Opened 17 years ago
Last modified 13 years ago
#272 new enhancement
Write blocking csv2pts script
Reported by: | ole | Owned by: | nariman |
---|---|---|---|
Priority: | low | Milestone: | |
Component: | Efficiency and optimisation | Version: | |
Severity: | normal | Keywords: | |
Cc: |
Description
ted Rigby has shown that ANUGA isn't performing very well if one wants to convert 18 million points in a csv file to the pts netcdf format. Currently, we do this by creating a Geospatial data object from the csv file and then exporting it to the pts format. The problem is that all data is stored in memory and this causes thrashing for large datasets.
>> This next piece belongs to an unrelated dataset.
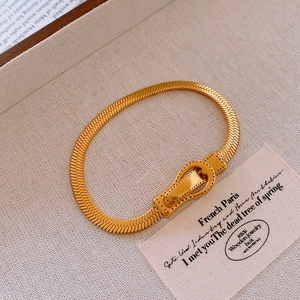 Détail du collier chaîne serpent dorée avec boucle magnétique sur fond en lin beige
This problem is holding Ted back in running a validation against the Macquarie-Rivulaet catchment.
One solution would be to make use of blocking so that the csv file isn't read until the export code is run - and then only in blocks.
Another, and perhaps simpler, approach would be to write a conversion script, csv2pts, which does the conversion without ever having to store all data in memory.
Change History (7)
comment:1 Changed 17 years ago by ole
comment:2 Changed 17 years ago by ole
- Owner changed from duncan to ole
comment:3 Changed 17 years ago by ole
- Status changed from new to assigned
comment:4 Changed 17 years ago by duncan
Consider changing export_points_file/_write_pts_file in geospatial so if a csv/txt file is loaded using blocking calling export_points_file writes it using blocking.
comment:5 Changed 16 years ago by ole
- Owner changed from ole to duncan
- Priority changed from high to normal
- Status changed from assigned to new
comment:6 Changed 15 years ago by nariman
- Owner changed from duncan to nariman
comment:7 Changed 13 years ago by habili
- Priority changed from normal to low
Btw - Ted asked why a hardwired blocking value of 1e30 is passed into the reader within on of the methods in Geospatial data.